Node and graph sampling are not the only two approaches for scalable GNNs. FastGCN is another sampling approach that focuses on layer-wise sampling within the graph convolutional layers. FastGCN scales to larger graphs than GCN but suffers from high variance. VR-GCN improves on FastGCN by controlling the variance; the authors show that using their variance reduction technique as few as a single edge/node can be sampled while still achieving high classification accuracy.
Another class of methods simplifies GNNs by avoiding the expensive computation of the adjacency matrix and the node feature matrix. Simplifying GCN (SGCN) simply calculates powers of the adjacency matrix and then multiplies with the node feature matrix once; effectively, this operation performs a smoothing of the node features based on the graph structure. The smoothed node features are used as input to an MLP. SGCN matches GCN's performance and is considerably more computationally efficient. The one matrix multiplication step can be calculated in a distributed system once as a pre-processing step.

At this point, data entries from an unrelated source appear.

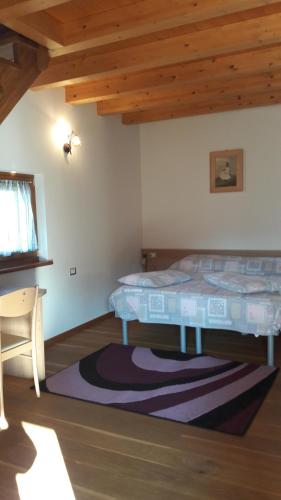 a bedroom with a bed and a table in a room at Casa Rosetta in Mel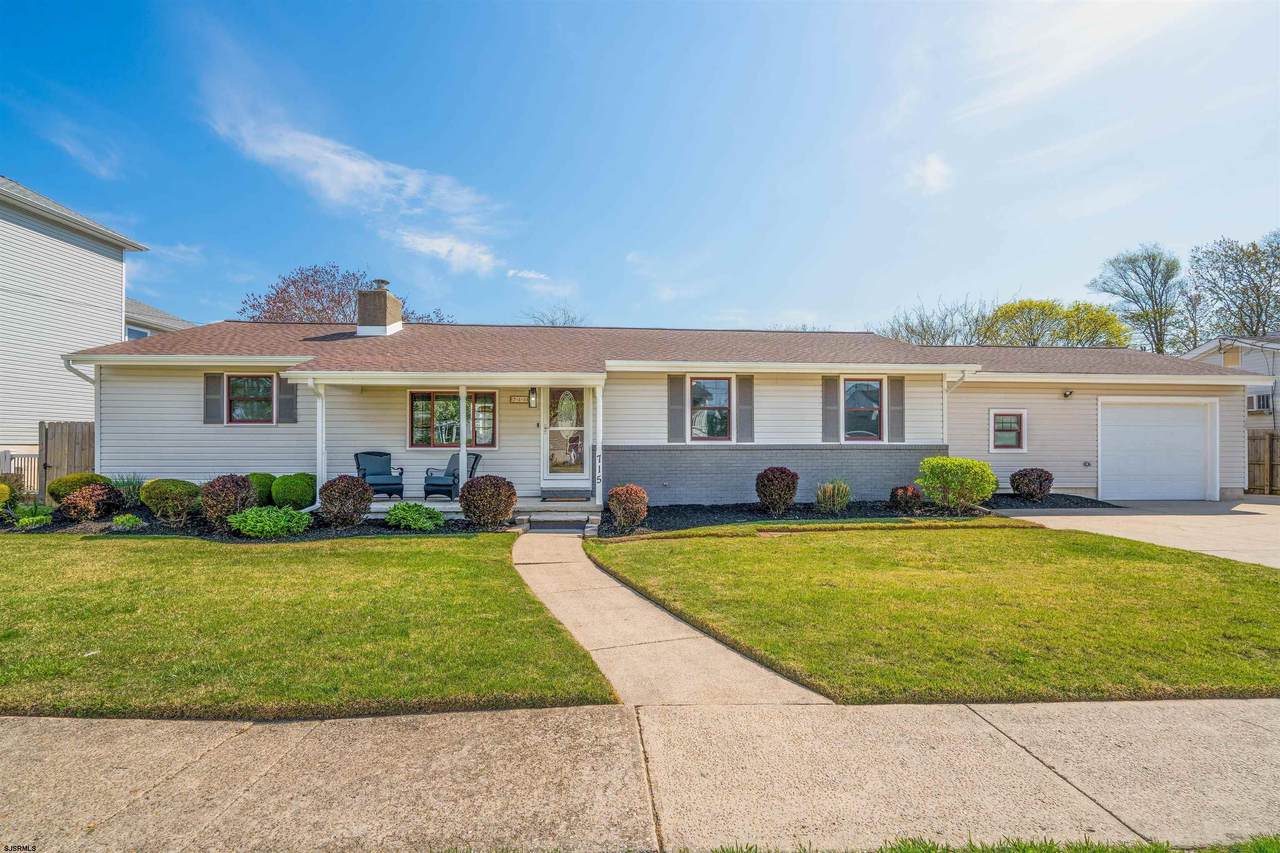 715 Lafayette - Photo 1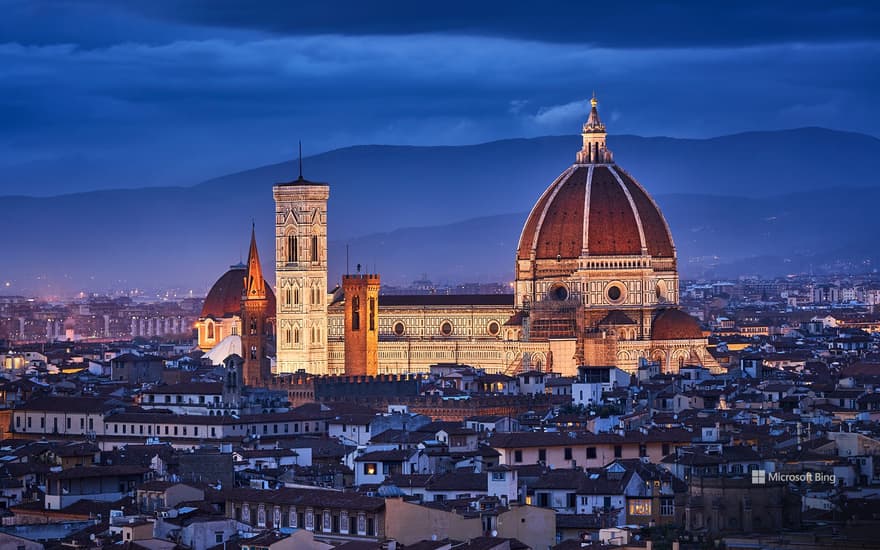 Duomo Santa Maria del Fiore at dusk, Florence, Italy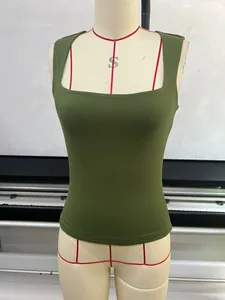 Stilvolles Damen Slim Fit Top mit quadratischem Ausschnitt in Olivgrün für Freizeitmode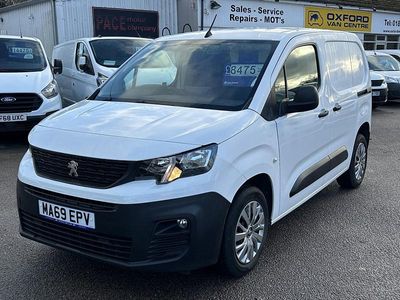 Used Peugeot Partner 100 HP (73 kW) 2019 White MPV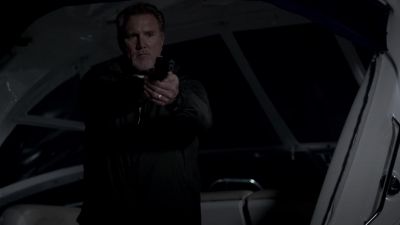 Give me the gun. - Ray Donovan
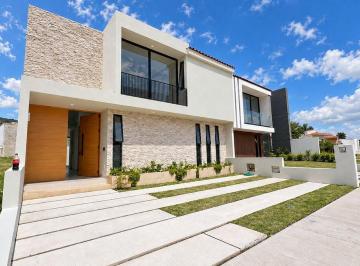 f77161b0f722a88ab183f3dba5c315fad64bbf322a3c34bad32431d66547bf06 · Casa en Venta en Bosques Santa Anita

Training an MLP can be performed efficiently on any GPU.
PPNP and APPNP do something similar except that in this case an MLP is first trained on the node features (no smoothing like SGCN is applied at this stage). The MLP predictions are then propagated/diffused across the graph using the Personalised PageRank (PPR) scores to determine the amount of information a node passes on. Since PPR can be expensive to compute exactly for large graphs, APPNP employs an approximation to the PPR easily calculated via a suitable recurrence relation. PPNP/APPNP models can be trained end-to-end or propagation can be reserved for training or inference time only.
In this article we introduced GCN-based GNNs and explained why such models do not scale to large graphs. We then presented several approaches for scaling such GNNs. These include node sampling, graph sampling, and layer sampling. Lastly we considered approaches that simplify GNNs by decoupling the graph structure propagation from the neural network training achieving improved computational efficiency while maintaining model performance.
Our list of techniques is certainly not exhaustive but should provide a good starting point for anyone interested in this line of work.